The data below holds a line containing "1886-O Morgan Silver Dollar ANACS EF45" and a line containing "Naruto Manga Anime"; please quote exactly those two lines and every line between them, and nothing else.
#### RECORDED DATA
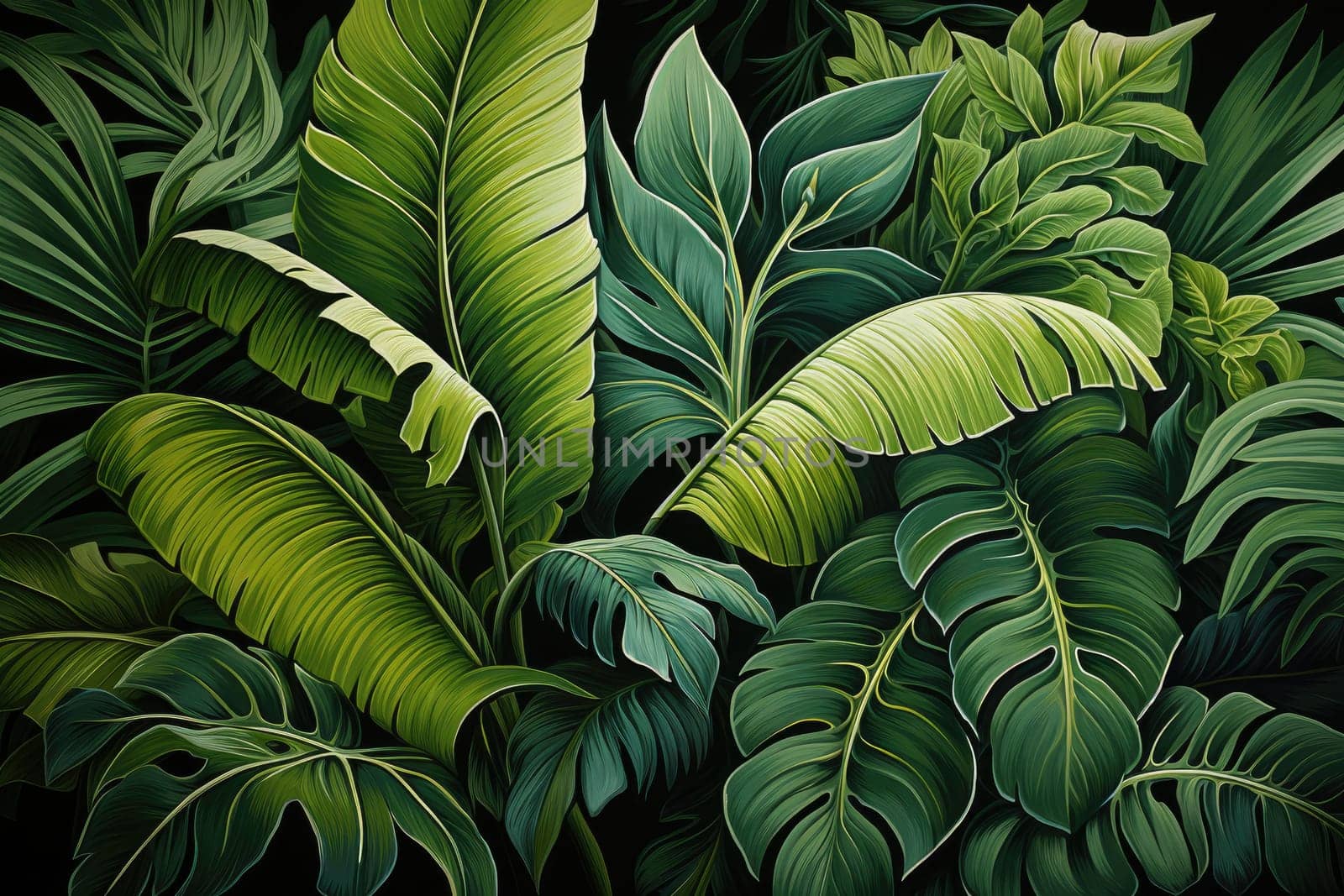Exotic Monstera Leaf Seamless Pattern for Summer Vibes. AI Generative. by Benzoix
########
#### RECORDED DATA
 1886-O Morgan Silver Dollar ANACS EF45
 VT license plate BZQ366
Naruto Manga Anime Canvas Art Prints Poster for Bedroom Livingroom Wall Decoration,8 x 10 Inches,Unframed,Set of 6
########
→ RESPONSE TO THE EXERCISE
 1886-O Morgan Silver Dollar ANACS EF45
 VT license plate BZQ366
Naruto Manga Anime Canvas Art Prints Poster for Bedroom Livingroom Wall Decoration,8 x 10 Inches,Unframed,Set of 6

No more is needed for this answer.